== A grump about the socket module's SSL support

It is nice that Python's [[socket module
http://www.python.org/doc/current/lib/module-socket.html]]
has simple SSL support (although it has [[some limitations
SocketModuleIrritations]]). My grump is that it doesn't give
you any good way of checking the identity of the server's
certificate, which is especially annoying as the SSL code
doesn't do any certificate verification.

(This matters to me because I have recently become quite
interested in being able to verify machines by checking
that they have a specific SSL certificate.)

What SSL objects have is ((.issuer())) and ((.server())), which
give you the text form of the 'distinguished name' for the
certificate authority (if any) and the server certificate. In
practice, these are useless for reliably identifying a specific
server (in part because there are significant ambiguities in the
text versions of distinguished names, see eg [[this bug report
http://mail.python.org/pipermail/python-bugs-list/2006-October/035836.html]]).

What you actually need is information about the server certificate
itself.
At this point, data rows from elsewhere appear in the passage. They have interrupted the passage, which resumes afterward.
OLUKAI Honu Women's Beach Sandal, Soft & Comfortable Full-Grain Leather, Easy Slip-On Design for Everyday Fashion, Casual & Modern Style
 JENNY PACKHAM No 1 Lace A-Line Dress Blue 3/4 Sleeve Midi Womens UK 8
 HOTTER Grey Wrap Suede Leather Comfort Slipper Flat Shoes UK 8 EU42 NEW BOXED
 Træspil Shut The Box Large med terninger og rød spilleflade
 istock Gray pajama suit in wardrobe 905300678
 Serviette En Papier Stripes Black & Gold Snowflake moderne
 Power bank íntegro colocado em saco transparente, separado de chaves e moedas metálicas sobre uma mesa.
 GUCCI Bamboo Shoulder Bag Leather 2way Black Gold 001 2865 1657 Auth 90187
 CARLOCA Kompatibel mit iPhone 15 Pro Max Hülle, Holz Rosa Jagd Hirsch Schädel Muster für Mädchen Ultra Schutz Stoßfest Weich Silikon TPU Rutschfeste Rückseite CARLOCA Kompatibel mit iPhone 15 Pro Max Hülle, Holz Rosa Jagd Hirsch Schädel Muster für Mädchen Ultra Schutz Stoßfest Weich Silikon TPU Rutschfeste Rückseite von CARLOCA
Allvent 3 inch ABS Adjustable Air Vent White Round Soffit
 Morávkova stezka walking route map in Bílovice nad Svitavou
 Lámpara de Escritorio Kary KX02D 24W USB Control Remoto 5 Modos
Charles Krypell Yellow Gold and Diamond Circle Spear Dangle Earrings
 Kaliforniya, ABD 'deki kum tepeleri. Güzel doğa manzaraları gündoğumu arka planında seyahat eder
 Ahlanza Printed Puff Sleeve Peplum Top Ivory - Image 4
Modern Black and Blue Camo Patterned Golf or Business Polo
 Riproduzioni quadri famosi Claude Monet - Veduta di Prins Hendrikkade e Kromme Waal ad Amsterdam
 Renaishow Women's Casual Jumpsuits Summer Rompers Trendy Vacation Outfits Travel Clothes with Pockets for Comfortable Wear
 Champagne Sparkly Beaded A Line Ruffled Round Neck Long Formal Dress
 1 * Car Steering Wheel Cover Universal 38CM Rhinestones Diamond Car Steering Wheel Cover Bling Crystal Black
The best thing would be a full copy of the server certificate
as a binary object (since then I can just do whatever I want with it,
including comparing it to my existing copy), but I'd be reasonably happy
with a hash or other signature of the server's certificate. (And OpenSSL
already has functions that will give you the certificate; I believe it
would take two OpenSSL calls to pull the certificate out as a memory
blob, namely ((SSL_get_peer_certificate)) followed by an appropriate
((i2d_X509)) invocation.)

But I suppose that I shouldn't be too surprised. Almost nothing seems to
offer an option to accept only a specific server certificate; at best
you can insist that the certificate you get is signed by a specific CA.